Royal Dutch Shell Plc, Europe’s largest energy producer, is weighing options for rising North American natural-gas output including exports and making liquid fuels, Chief Executive Officer Peter Voser said.
Shell will double North American gas production in the next three years to the equivalent of 400,000 barrels of oil a day as output from shale deposits rises, Voser said in an interview. Shell may channel gas into chemical production, an export project in Canada, and a program to use the fuel to power trucks, he said.
“We are getting now into production phase in a big way,” Voser said at the World Petroleum Congress in Doha, Qatar. “It’s about the right time to look for further options. We are really looking at the usage of gas in a much wider way in North America.”
Pumping gas trapped in shale rocks has transformed the U.S. into the world’s largest gas producer, cut prices about 75 percent from their 2008 peak and made exports to higher priced markets in Asia and Europe a viable option. The fuel will overtake crude oil to account for more than 50 percent of Shell’s global production next year, driven in part by the development of shale gas fields in Texas and Pennsylvania.
“This percentage goes up over the next years to come as most of our projects are actually gas projects,” Voser said. “Given our huge gas reserves in the U.S. we are looking at a possibility to actually build a gas-to-liquids plant.”
Shell has invested about $19 billion in its Pearl gas-to-liquids plant in Qatar to make transportation fuel. It’s the company’s largest project to date and it plans to build another “large scale” unit, Andy Brown, Shell’s chief in Qatar, said earlier this week.

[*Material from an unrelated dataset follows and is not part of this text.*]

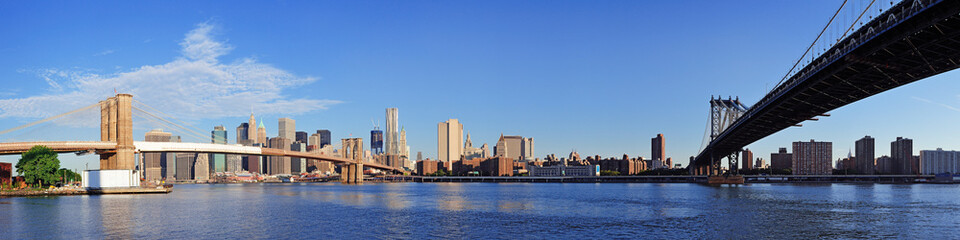 Fototapeta na wymiar New York City in the morning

The company has gas reserves in North America of 40 trillion cubic feet, about 12 percent of the continent’s total at end of 2010, based on data from BP Plc’s Statistical Review of World Energy. The company spent $4.7 billion last year to buy most of East Resources Inc., a shale producer with fields in Texas’s Eagle Ford area and Marcellus in Pennsylvania.

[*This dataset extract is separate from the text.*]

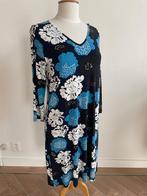 Marimekko: Blauw-witte jurk met mooie print. Maat M, Kleding | Dames, Jurken, Maat 38/40 (M), Marimekko, Blauw, Ophalen of Verzenden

The Hague-based producer is working on the Green Corridor project in Canada to convert gas into 300,000 tons of liquefied natural gas a year to fuel long-haul trucks from next year. The fuel will be offered to operators along western Canada’s busiest truck route from Calgary to Edmonton, said Malcolm Brinded, executive director for exploration and production.

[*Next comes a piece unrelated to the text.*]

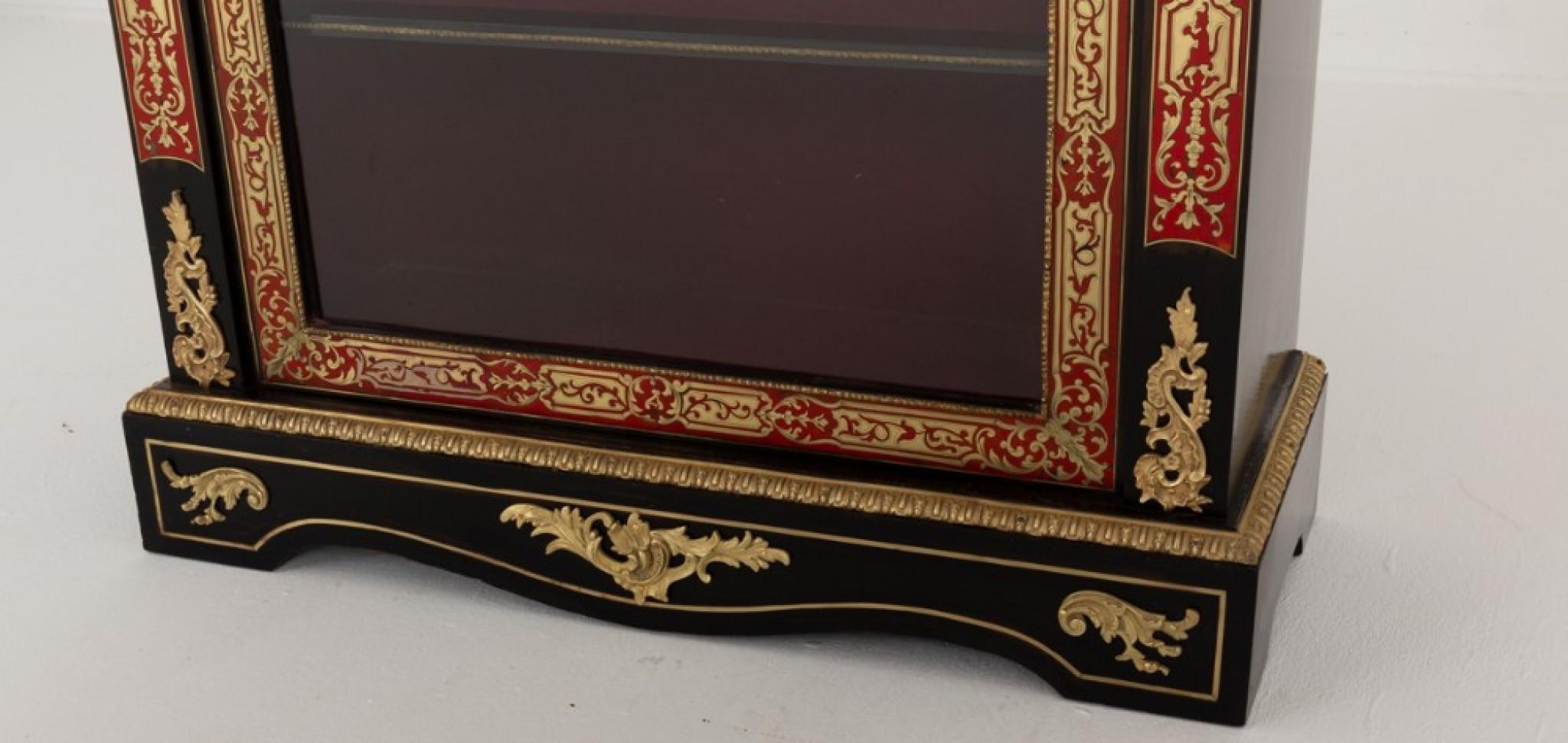 Coppia di armadietti a molo Boulle con intarsi ebanizzati Antico 1850 in vendita 6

Shell is looking at using the LNG-to-transport technology in China and Europe, Voser said. It will be a smaller market than using gas to fire power plants, “but it’s a good usage of the gas,” he said.
“There is a great appetite for this type of solution,” he said. This market “will be growing. You can think of more, you can use it in the shipping industry.”
The gap between natural gas and crude oil prices in North America is opening up the prospect of LNG exports to Asia and making chemical projects commercially viable. Today’s gas price is equivalent to about $27 a barrel of crude, while oil is trading at about $100 a barrel in New York.
Shell, together with PetroChina Co. and Japanese and South Korean partners, plans to develop an export facility in British Columbia in Canada to supply LNG to Asia.
In June, Shell announced plans to build an ethylene plant in Appalachia, the first so-called cracker built in the region in half a century, to tap low-cost natural gas for making plastics. The cracker would process gas from the Marcellus shale. The ethylene probably will be converted to polyethylene plastic at a second factory to be built at the site, Shell said.